Project Overview
Abu Dhabi Distribution Company (ADDC), a key utility provider in the UAE capital, sought to redesign its consumer mobile application to better serve residents managing their Electricity and Water services. The app allows users to perform essential tasks like bill payments, move-in/move-out requests, tracking consumption, managing multiple properties, and requesting refunds.
The existing application had become outdated, with users reporting friction in navigation, difficulty finding key features, and a lack of clarity around service status updates. The objective of this redesign was to deliver a modern, intuitive, and responsive experience that simplifies everyday utility tasks, encourages self-service, and improves transparency around service status and consumption.

My Role & Contribution
As the UX Designer assigned to the project, I worked in close collaboration with the internal product team, business analysts, and design leads to completely rethink the user experience. My focus was to align user needs with stakeholder goals through structured research, design strategy, and iterative testing.
- Conducted a comprehensive UX audit of the existing application, identifying core friction points in billing, service requests, and property management.
- Collaborated with the business team to document user personas and build a clear understanding of varying user roles (e.g., tenants vs. owners, single vs. multi-property users).
- Reviewed support tickets and customer service logs to surface common user complaints and confusion points.
- Designed and facilitated remote usability testing sessions with real ADDC customers across different demographics and tech literacy levels.
- Captured critical insights on how users interacted with features like refund tracking, consumption tips, and status monitoring for move-in/move-out services.
- Identified gaps in awareness and feature discoverability—many users were unaware of the support and self-service options available to them.
- Proposed a modular IA (Information Architecture) that prioritized high-frequency actions such as “Pay Bills”, “Track Requests”, and “View Usage”.

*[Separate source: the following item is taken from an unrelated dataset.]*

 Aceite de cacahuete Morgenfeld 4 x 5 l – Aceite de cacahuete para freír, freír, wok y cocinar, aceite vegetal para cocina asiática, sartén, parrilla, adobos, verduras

- Created low- to mid-fidelity wireframes to iterate on key flows; Multi-property account management, Refund initiation and status, Move-in/out request tracking, Accessing tips and support resources.

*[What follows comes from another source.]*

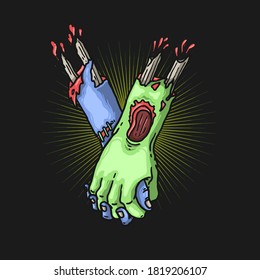 zombie hand togetherness concept illustration vector graphic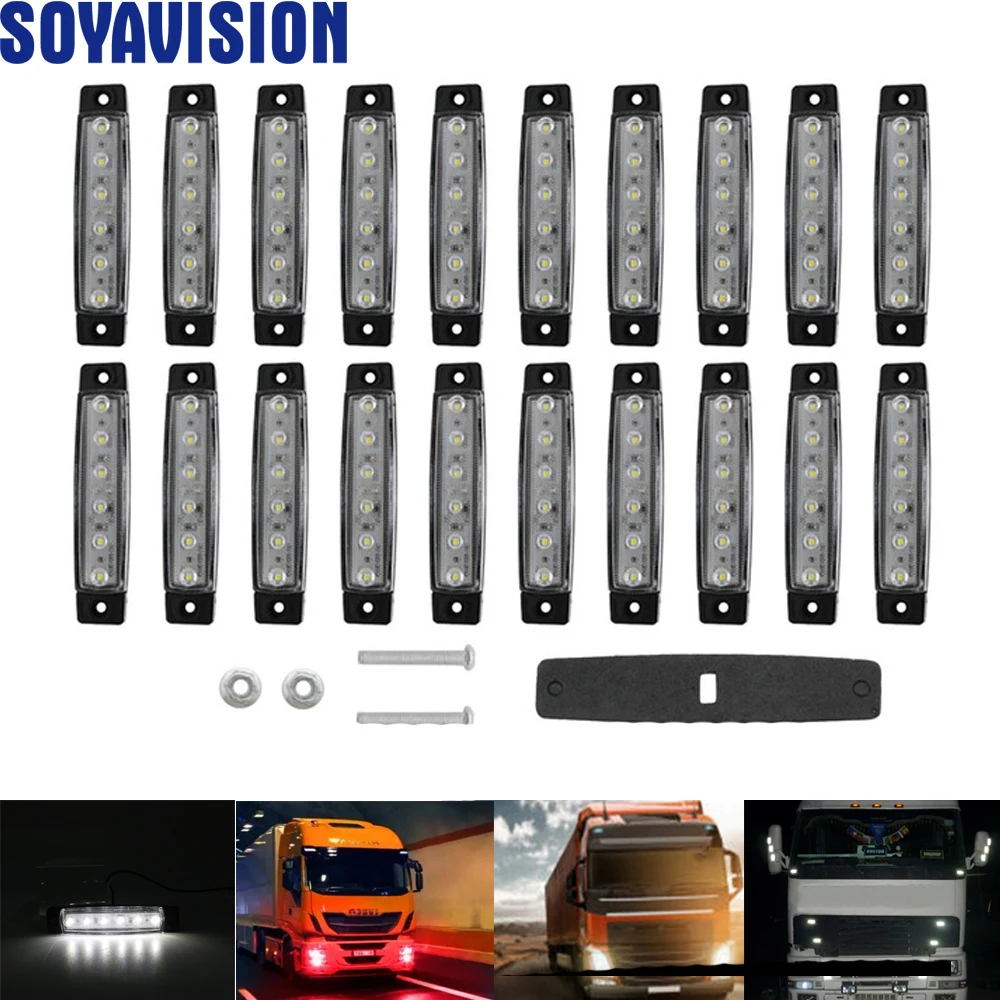 24V 20pcs Car External Lights LED 24v 6 SMD LED Auto Car Bus Truck Wagons Side Marker Indicator Trailer Light Rear Side Lamp
24V 20pcs Car External Lights LED 24v 6 SMD LED Auto Car Bus Truck Wagons Side Marker Indicator Trailer Light Rear Side Lamp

- Designed user journeys that anticipated real-life pain points—like the need to manage services while between properties or on the go.
- Led stakeholder co-creation sessions to validate design direction and clarify priorities—balancing regulatory needs with usability best practices.
- Shared prototypes and visual walkthroughs with internal business units and the customer service team for real-time feedback.
- Collaborated with UI designers to translate the improved user experience into a visually engaging, accessible interface that adhered to ADDC’s branding guidelines.
- Ensured the final UI components supported Arabic and English language flows, responsive design patterns, and inclusive accessibility principles.


Impact & Outcome
- The redesigned app enhanced feature discoverability and reduced user confusion around request tracking and account management.
- Users reported a noticeable improvement in navigation clarity and task completion speed, especially during payment and service request workflows.
- The support and tips section saw increased engagement, helping drive more informed consumption behavior.
- Stakeholders praised the research-driven, user-first approach and adopted several UX recommendations into their long-term product roadmap.

Reflection
This project was a powerful demonstration of how structured UX research and empathy-driven design can transform a high-utility service into an empowering digital experience. Working on the ADDC app allowed me to bridge user needs with system complexity—designing for real impact in a sector that touches every resident’s daily life.